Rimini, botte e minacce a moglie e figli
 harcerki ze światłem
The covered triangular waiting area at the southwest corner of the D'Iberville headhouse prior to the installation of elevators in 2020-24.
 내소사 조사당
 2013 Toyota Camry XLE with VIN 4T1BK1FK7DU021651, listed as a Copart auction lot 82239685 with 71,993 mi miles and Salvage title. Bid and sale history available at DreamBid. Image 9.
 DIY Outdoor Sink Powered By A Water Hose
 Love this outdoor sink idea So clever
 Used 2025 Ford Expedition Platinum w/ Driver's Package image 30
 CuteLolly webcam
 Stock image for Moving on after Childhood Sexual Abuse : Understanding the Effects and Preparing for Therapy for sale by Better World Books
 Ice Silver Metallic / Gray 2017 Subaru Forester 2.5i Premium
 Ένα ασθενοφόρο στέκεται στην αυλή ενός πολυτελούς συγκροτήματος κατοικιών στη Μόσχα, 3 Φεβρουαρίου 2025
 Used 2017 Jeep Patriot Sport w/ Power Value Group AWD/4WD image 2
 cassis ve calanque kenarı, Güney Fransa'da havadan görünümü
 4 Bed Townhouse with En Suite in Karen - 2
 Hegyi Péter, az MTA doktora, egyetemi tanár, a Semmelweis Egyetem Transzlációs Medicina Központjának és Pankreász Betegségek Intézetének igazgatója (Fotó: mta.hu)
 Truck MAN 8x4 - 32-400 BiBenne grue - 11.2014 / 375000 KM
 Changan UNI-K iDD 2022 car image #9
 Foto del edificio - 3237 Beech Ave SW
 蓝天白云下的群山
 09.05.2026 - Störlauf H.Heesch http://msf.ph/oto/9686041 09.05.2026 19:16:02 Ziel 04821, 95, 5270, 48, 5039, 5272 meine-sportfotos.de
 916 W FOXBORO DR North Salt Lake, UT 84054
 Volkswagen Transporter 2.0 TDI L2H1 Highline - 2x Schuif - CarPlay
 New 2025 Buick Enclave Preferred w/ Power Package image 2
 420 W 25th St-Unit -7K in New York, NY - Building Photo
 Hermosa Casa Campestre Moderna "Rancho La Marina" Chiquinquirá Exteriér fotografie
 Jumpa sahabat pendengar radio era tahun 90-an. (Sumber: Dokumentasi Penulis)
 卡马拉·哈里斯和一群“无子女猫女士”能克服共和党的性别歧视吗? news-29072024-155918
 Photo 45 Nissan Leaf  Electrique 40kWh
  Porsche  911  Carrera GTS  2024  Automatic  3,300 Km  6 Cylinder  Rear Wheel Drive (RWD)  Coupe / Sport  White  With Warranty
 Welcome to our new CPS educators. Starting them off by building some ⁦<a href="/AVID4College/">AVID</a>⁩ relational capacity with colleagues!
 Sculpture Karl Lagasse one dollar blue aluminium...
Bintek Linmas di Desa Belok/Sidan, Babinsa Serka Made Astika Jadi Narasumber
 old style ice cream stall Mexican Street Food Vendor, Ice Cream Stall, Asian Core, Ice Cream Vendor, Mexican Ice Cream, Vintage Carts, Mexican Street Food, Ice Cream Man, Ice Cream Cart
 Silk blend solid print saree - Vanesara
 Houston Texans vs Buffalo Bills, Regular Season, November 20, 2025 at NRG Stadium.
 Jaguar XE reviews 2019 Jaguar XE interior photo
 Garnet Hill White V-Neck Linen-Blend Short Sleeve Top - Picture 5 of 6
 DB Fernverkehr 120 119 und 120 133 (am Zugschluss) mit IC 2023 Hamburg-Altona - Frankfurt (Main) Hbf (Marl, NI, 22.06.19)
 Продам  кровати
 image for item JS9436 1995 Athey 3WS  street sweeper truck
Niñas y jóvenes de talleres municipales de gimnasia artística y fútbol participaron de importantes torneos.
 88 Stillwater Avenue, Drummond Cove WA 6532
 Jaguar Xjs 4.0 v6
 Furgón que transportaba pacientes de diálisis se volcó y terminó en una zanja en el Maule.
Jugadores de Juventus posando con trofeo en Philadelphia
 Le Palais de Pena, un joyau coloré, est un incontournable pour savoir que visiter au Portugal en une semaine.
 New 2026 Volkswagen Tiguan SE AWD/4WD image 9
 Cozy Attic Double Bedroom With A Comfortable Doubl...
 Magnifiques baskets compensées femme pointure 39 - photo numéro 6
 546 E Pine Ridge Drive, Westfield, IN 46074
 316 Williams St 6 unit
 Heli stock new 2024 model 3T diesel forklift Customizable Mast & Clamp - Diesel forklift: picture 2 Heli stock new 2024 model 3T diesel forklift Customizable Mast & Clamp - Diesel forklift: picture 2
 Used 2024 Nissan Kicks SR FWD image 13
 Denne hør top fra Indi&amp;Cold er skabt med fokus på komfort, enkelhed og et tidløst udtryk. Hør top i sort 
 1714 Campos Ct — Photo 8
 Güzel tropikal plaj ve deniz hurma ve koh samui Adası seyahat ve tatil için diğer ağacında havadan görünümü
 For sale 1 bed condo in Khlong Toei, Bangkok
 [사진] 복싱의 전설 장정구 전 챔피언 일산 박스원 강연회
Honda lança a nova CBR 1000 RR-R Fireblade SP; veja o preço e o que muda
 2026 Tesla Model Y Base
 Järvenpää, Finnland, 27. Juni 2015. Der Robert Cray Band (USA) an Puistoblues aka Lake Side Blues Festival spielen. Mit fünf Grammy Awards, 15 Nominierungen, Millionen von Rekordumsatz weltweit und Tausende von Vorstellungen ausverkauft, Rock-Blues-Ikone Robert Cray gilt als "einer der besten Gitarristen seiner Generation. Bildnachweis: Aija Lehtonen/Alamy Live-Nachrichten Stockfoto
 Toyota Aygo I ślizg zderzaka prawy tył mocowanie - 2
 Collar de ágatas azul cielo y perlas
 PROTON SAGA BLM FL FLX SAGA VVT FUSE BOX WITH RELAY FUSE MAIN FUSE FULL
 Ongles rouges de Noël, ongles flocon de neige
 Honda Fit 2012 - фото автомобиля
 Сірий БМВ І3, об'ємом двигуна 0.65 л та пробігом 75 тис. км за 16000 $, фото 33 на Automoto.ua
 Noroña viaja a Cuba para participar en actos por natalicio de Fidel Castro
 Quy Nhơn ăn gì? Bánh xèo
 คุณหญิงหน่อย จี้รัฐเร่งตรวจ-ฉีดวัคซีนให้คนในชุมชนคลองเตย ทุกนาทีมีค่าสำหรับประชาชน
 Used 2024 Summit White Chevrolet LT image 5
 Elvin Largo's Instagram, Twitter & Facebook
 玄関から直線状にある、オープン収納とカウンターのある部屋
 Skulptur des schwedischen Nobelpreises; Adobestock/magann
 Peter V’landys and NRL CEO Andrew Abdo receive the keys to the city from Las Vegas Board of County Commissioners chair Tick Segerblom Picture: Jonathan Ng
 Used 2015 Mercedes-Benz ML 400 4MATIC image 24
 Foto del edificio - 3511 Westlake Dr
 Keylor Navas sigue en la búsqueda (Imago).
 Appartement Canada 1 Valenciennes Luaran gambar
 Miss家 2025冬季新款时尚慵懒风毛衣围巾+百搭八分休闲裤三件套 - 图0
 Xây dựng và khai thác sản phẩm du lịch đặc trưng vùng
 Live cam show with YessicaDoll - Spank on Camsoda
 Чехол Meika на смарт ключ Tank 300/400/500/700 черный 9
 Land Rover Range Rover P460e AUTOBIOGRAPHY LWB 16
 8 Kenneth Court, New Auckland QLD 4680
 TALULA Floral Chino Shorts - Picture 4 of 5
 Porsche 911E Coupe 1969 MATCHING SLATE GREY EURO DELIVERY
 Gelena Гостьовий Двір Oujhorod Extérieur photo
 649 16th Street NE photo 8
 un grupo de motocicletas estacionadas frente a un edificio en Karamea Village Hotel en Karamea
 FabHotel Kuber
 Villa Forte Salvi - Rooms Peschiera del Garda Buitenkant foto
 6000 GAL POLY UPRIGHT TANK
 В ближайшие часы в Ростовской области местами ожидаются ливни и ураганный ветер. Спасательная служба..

=-=-=

Assigned task: Print only the lines from the one with "FabHotel Kuber" to the end of the records, both included.

Response:
 FabHotel Kuber
 Villa Forte Salvi - Rooms Peschiera del Garda Buitenkant foto
 6000 GAL POLY UPRIGHT TANK
 В ближайшие часы в Ростовской области местами ожидаются ливни и ураганный ветер. Спасательная служба..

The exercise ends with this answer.